I felt unbalanced. A third of my life was missing, and I couldn’t do anything about it.
It was a miracle that Magnus and I managed to retire at the same time, but I couldn’t help being greedy and wishing that Creed could have come with us as well.
I was pulled out of my thoughts by the sound of sudden shouting. One of the other machines up ahead had come to a sudden stop, and at least a dozen people were running around in all directions.
Sighing, I turned off my own machine and jumped down from the controls to see what the problem was. I grabbed one of the more experienced lumberjacks as he was running by and demanded to know what was happening. This man had spent most of his life working as a logger. He’d seen just about every emergency this job could dish out.
Yet, there was fear in his eyes now.
“What’s wrong?” I demanded again when he didn’t answer me the first time.
“We didn’t…” He pointed out past the line of freshly cut trees. “We didn’t know anyone was there.”
I started running, dragging the other man along with me.

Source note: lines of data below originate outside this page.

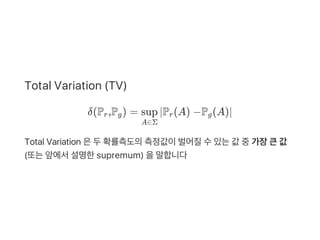 Total Variation (TV)
δ(P ,P ) = ∣P (A) −P (A)∣
Total Variation 은두확률측도의측정값이벌어질수있는값 중가장큰값
(또는앞에서설명한supremum) 을말합니다
r g
A∈Σ
s...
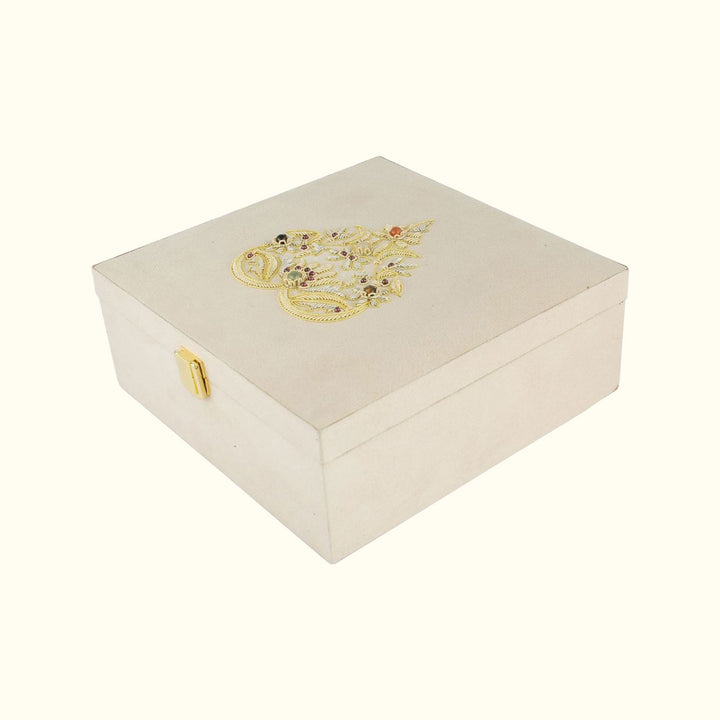 Paan Zardozi on Cream Suede Box | Elegant Handcrafted Storage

He tripped over his feet as he tried to stay with me while also continuing to explain. “They must have been camping out here illegally. The whole area is restricted. No one’s allowed out here. We had no reason to double check.”
Charging through mud and vaulting over fallen logs, I quickly arrived on the scene. Several people stood at the edge of a small cliff, about thirty feet high. We were working on a slope, and just as I’d predicted earlier, some of the fallen trees rolled downhill once cut. It shouldn’t have been a problem since all our workers were carefully stationed uphill, but one of the logs had slid far enough to tumble right over the edge of the cliff.
Down below, I could just see the colorful canvas of a smashed tent sticking out under the body of the fallen trunk.
“Fuck! What are you all just standing around for?”
Grabbing onto the lip of the cliff, I swung my body over the edge.
Several hands tried to grab me at once.
“What are you doing?” someone shouted.
“Climbing down there. What’s it look like?”
This deep into the forest, the ground was always a little wet, but it hadn’t rained recently, so I still managed to find some decent handholds on the sheer surface.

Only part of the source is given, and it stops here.